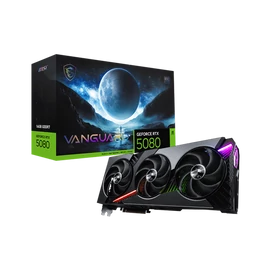 MSI Videokártya PCI-Ex16x nVIDIA RTX 5080 VANGUARD SOC 16GB DDR7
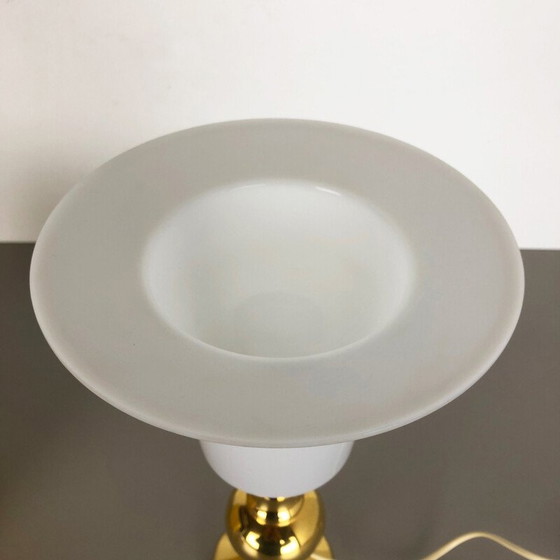 Image 1 of Lampe vintage en soie jaune et verre par Uno et Östen Kristiquil pour Luxus Vittsjö, Suède 1970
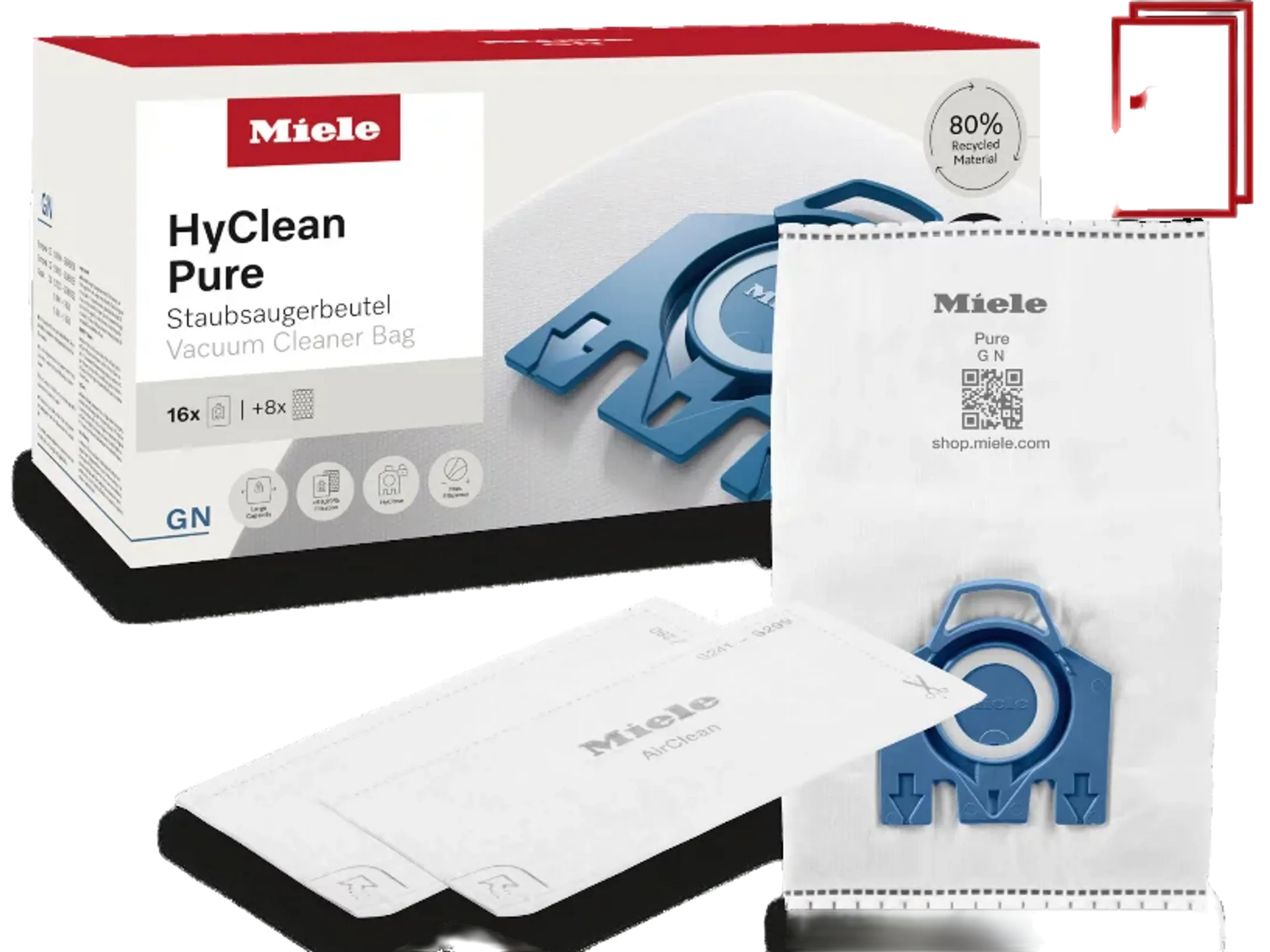 Sacs aspirateur HyClean Pure XXL GN - 16 pièces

** WHAT TO PRODUCE **
Without the pictures, transcribe the listing exactly as it stands.

** WRITTEN REPLY **
 MSI Videokártya PCI-Ex16x nVIDIA RTX 5080 VANGUARD SOC 16GB DDR7
 Image 1 of Lampe vintage en soie jaune et verre par Uno et Östen Kristiquil pour Luxus Vittsjö, Suède 1970
 Sacs aspirateur HyClean Pure XXL GN - 16 pièces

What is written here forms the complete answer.